Eduardo Galeano disse que se entrarmos num estádio vazio, com alguma atenção, ouviremos vozes do passado. Que as partidas épicas entranham-se no cimento e ressoam ali por um período indeterminado. O choro dos brasileiros na final de 50, talvez o exemplo mais marcante para nós. E para ele, que é uruguaio. Refutar essa tese seria impossível para mim. Pois nunca entrei num estádio vazio. Digo, completamente vazio.

Há algum tempo meus pontos turísticos principais tem sido os estádios. Grandes ou pequenos. Em Natal, praticamente invadi um conjunto de prédios para ter visão do campo do Alecrim Futebol Clube. Disseram-me que Garrincha jogara no Alecrim. Logo, eu precisava aproximar-me ao máximo do campo que Garrincha pisou. Mas não ouvi vozes nem vi espectros de suas investidas na lateral do campo.
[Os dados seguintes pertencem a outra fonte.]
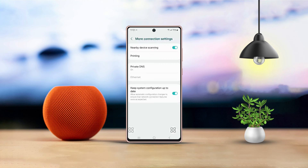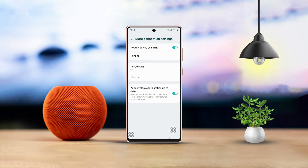Hey there! Changing DNS settings on your Samsung phone might just give your internet browsing a speed boost or enhance your privacy. In this tutorial video, I'm going to walk you through setting up a private DNS on your Samsung phone to help block trackers or potentially speed up your browsing experience. Let's dive right in.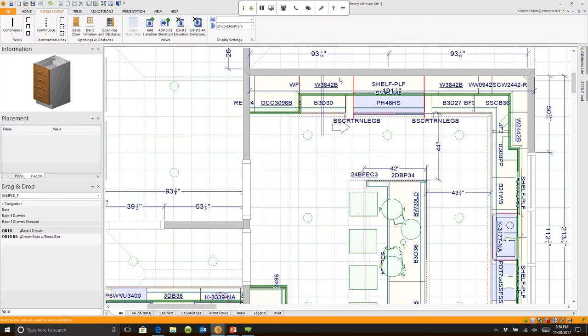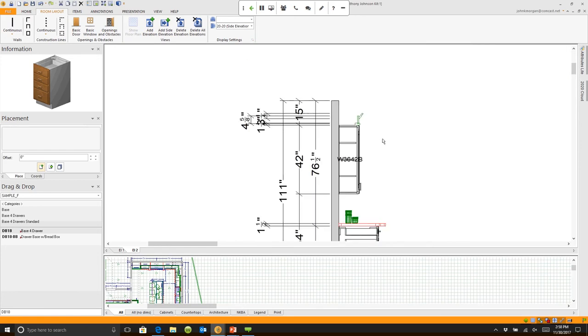When I click on it, if I go up to my elevation, now this is the cutaway of those cabinets all the dimensions.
Em estádios maiores é comum se comercializar o “tour” pelo local. Visita-se vestiários, salas de imprensa, tunel de entrada, beira do campo e arquibancadas. Mas ali não há silêncio. O guia não para de falar. Por algum momento, geralmente nas arquibancadas, pode-se desvencilhar um pouco do grupo e ter uma experiência próxima da que Eduardo Galeano descreveu. Mas não escuto nada.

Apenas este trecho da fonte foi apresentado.